À l’échelle mondiale, les ordres de grandeur changent : 44 % pour les coraux constructeurs de récifs, 41 % pour les amphibiens, 38 % pour les requins et les raies, 26 % pour les mammifères, 11 % pour les oiseaux.

Ces pourcentages portent sur des espèces évaluées, pas sur des individus et pas sur le vivant entier. À peine 1,1 % des insectes décrits ont été évalués à ce jour. Les groupes évalués en entier, oiseaux, mammifères et amphibiens, donnent des chiffres solides. Ailleurs, un pourcentage bas signifie souvent que personne n’a regardé. La liste rouge mesure ce qu’on a mesuré.

Quatre espèces très citées illustrent chacune un cas différent. L’axolotl est en danger critique dans le seul lac du monde où il vivait. Le béluga et l’orque relèvent de populations comptées séparément, dont certaines sont menacées et d’autres non : le nom de l’espèce ne suffit pas à donner un statut. Le dodo, lui, occupe la case EX depuis le XVIIᵉ siècle.

Par où commencer pour vérifier une espèce soi-même

Trois ressources gratuites suffisent, et l’ordre de consultation compte. L’Inventaire national du patrimoine naturel, l’INPN, donne pour chaque espèce française sa fiche, son statut sur la liste rouge nationale, les arrêtés de protection qui la concernent et sa carte de répartition par maille. Le site de la liste rouge de l’UICN donne l’évaluation mondiale, sa date, le critère retenu et le nom de l’évaluateur. Viennent enfin les listes rouges régionales, publiées par les DREAL et les conseils régionaux.
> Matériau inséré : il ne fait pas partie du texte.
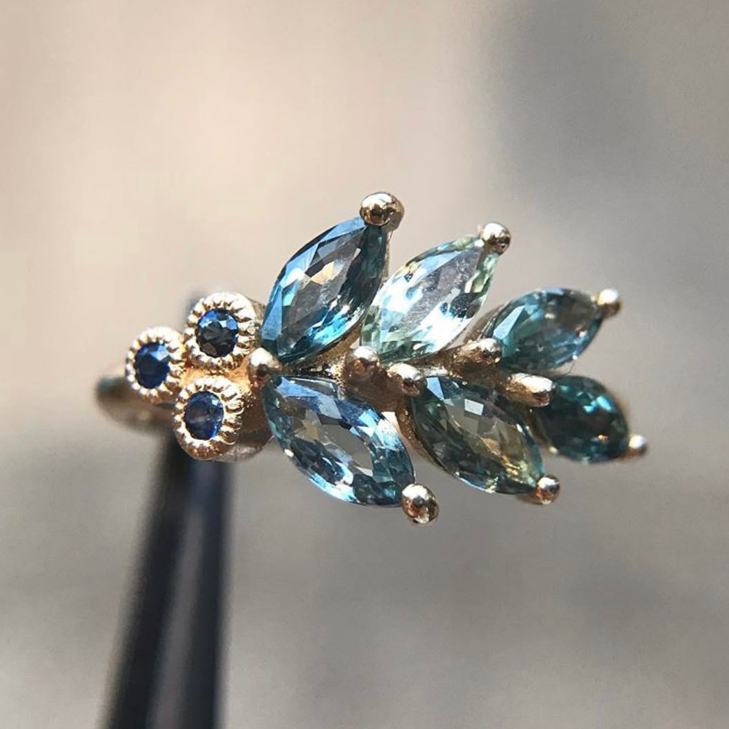 Elegant ring featuring marquise-cut blue gemstones arranged in a leaf pattern, accented by small round dark blue sapphires on a gold band; exudes sophistication and artistry.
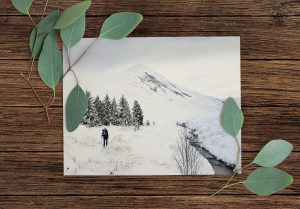 The Ben Wyvis Christmas card on a wooden table with leaves lying on the corners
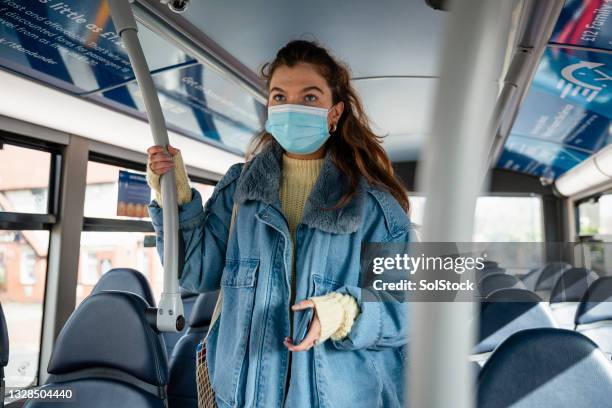 Got Off Woman Getting Off Bus Photos and Premium High Res Pictures - Getty Images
Une espèce peut y être classée en danger tout en restant de préoccupation mineure au niveau national, et l’écart se lit très bien : il dit ce que le territoire a perdu et que le pays n’a pas encore perdu.
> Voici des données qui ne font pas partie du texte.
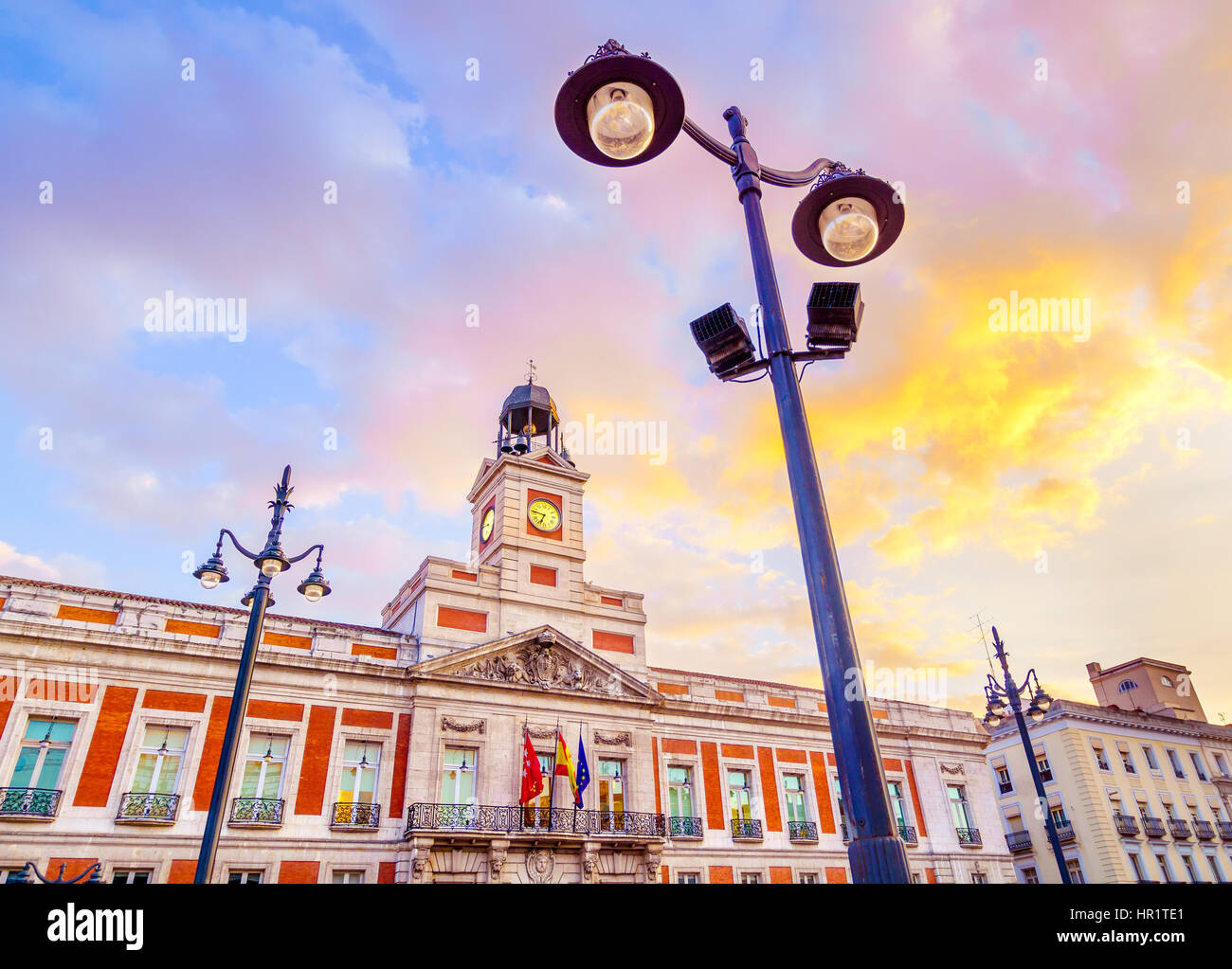 The Puerta del Sol square is the main public square in the city of Madrid, Spain. In the middle of the square is located the office of the President o Stock Photo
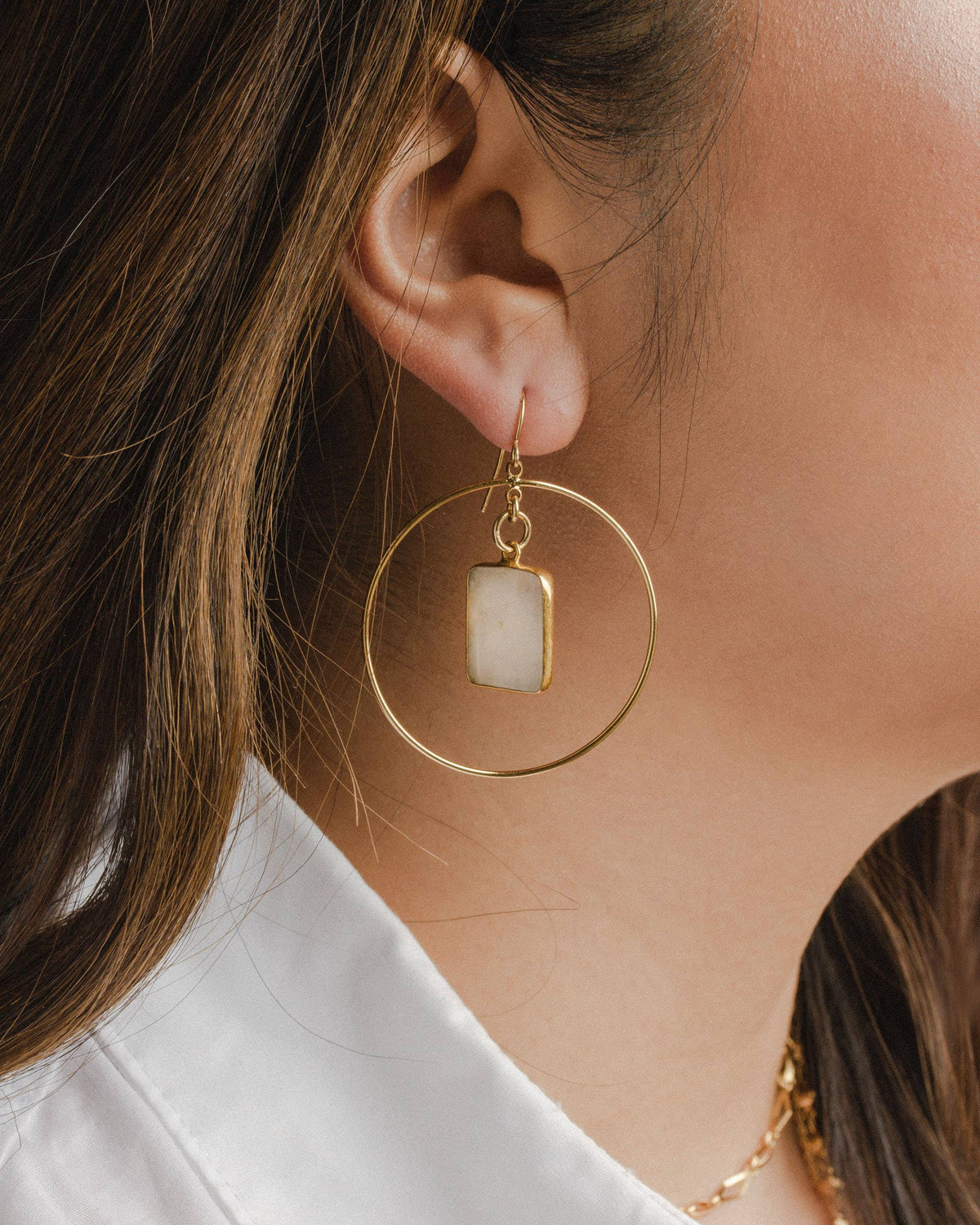 Moonstone Hoop Earrings: model wearing hoop earrings with rectangular pale stone pendants.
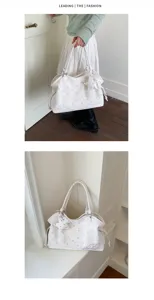 Detail view of large capacity white polka dot tote bag with cute charms and shoulder strap.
Deux réflexes valent plus que les listes elles-mêmes. Une carte de répartition à mailles vides près d’une grande ville et pleines autour d’un village de mille habitants raconte l’histoire d’un observateur qui habite là, pas celle de l’animal. L’absence de donnée n’est pas une donnée d’absence.
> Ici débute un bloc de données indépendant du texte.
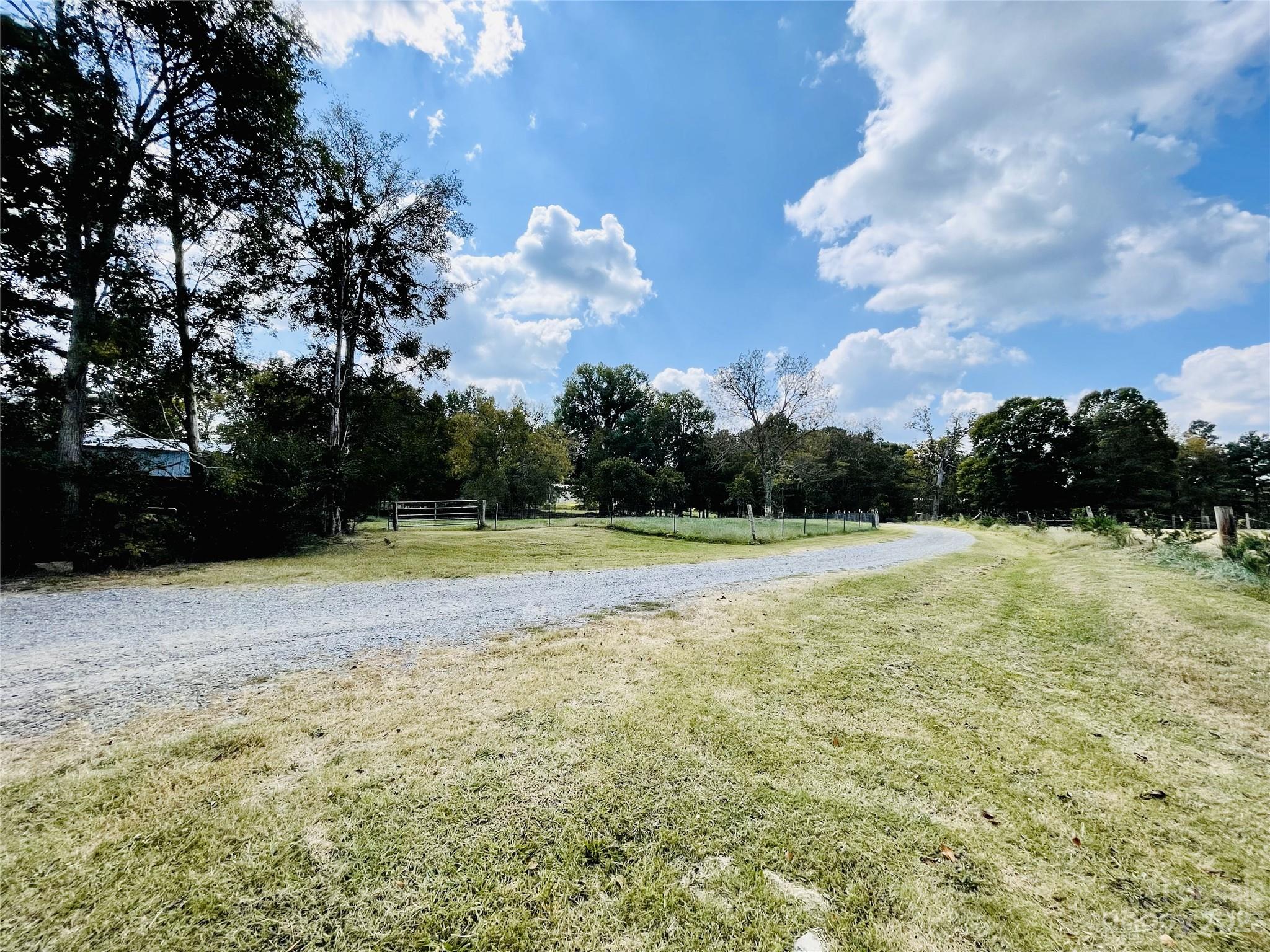 922 State Rd S-46-1102 York, SC 29745 - Photo 8 of 20 a view of a garden and basketball court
Le reste tient en quatre mots, à poser devant n’importe quel effectif rencontré dans un article : combien, comment, quand, par qui. Un chiffre compté existe : quelqu’un est allé sur place, à une date, avec une méthode. L’estimation, elle, sort d’un calcul sur un échantillon, et elle vient toujours avec un intervalle. Reste le chiffre recopié, qui circule d’article en article depuis quinze ans sans que personne sache d’où il sort. Les trois se ressemblent une fois posés sur une page. Seul le premier vaut quelque chose.